Duas bocas pra trás e a vida foi um
sossego – sem turbulências, sem joguinhos, sem refluxos descarados, sem
intriga, ciúmes ou invejas. Duas bocas pra trás e havia paz, havia aquela
estranha sensação que a maioria das pessoas só experimenta até os primeiros
anos da vida adolescente, antes de todos os probleminhas cochichados por aí
explodirem. Duas bocas pra trás e fico feliz em saber que minha fase de “não-problemas” durou por um tempo longo
até demais – e mesmo eu, que enxergo um obstáculo a cada solução, consigo
admitir que pelo menos aí a vida foi generosa – mas terminou e veio tudo só de
uma vez, num refluxo lazarento e arrogante, sem rodeios, sem escrúpulos: duas
bocas pra frente e nasceram problemas, provocações, tons sarcásticos, menções
irônicas, olhares difamatórios e confusão. Duas bocas pra frente e nem mesmo eu,
que ainda tenho todo o direito jurídico e moral de cuspir nos pratos em que comi, não consigo fazer isso por um simples ato de lealdade à pequena parte de caráter
que me restou. Jamais teria a suprema e santa atitude da hipocrisia, não diria
mal algum dos pratos que procurei, embora hoje eles façam isso de mim porque, ora, não os continuei procurando –
espantoso que uma pequena atitude não correspondida possa gerar tanto alvoroço,
confusão e disse-me-disse. Benditas bocas
– atraentes à princípio, danosas a seguir. Duas bocas pra trás e a vida até
tinha certa tranquilidade, certa paz, certa anonimidade.

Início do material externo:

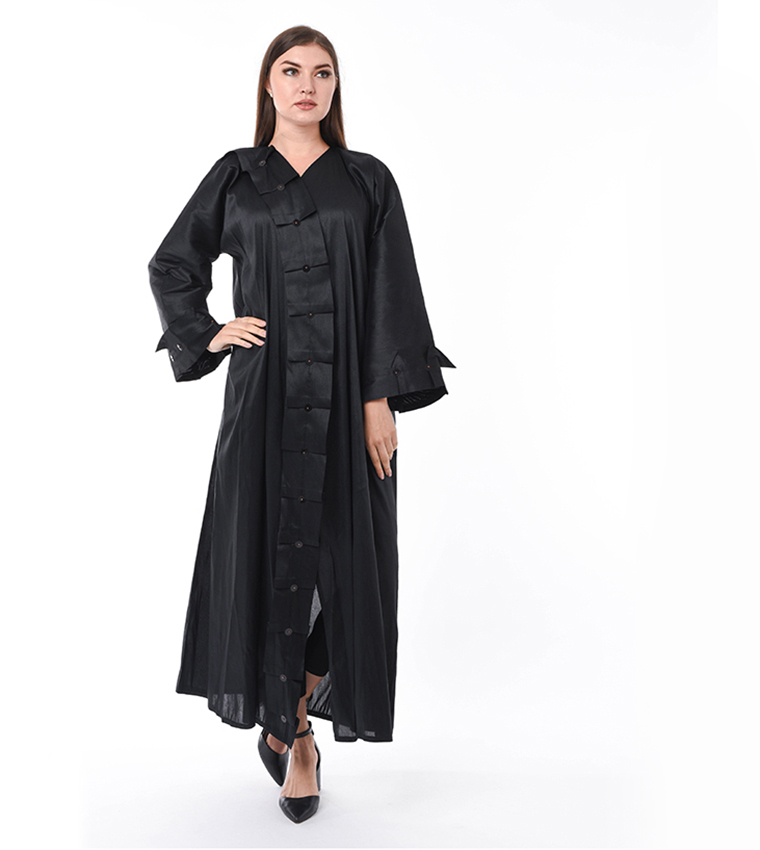 مويستريت  عباية - أسود Abayas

Anonimidade porque nada acontecia, nada era dito, nada era inventado, nada era
mal interpretado ou mal propagado; anonimidade porque ninguém era importante o
suficiente para se vitimizar, provocar e envenenar; anonimidade porque bocas paravam casualmente em outras como
sempre aconteceu desde o início dos tempos casuais, e nenhuma fofoca não-casual
ocorria nessa vida-simplesmente-casual onde julgam um simples fato casual por canalhice
ou sem-vergonhice. Duas bocas pra trás e não existiam joguinhos e pequenas provocações
entre um passeio e uma volta em livraria. Duas bocas pra frente e agora há de se revidar
– um silêncio, um corte de relações, uma vergonha cravada nos lábios e na
lembrança.
Duas bocas pra trás e tudo era
tranquilamente calmo, tranquilamente perfecto.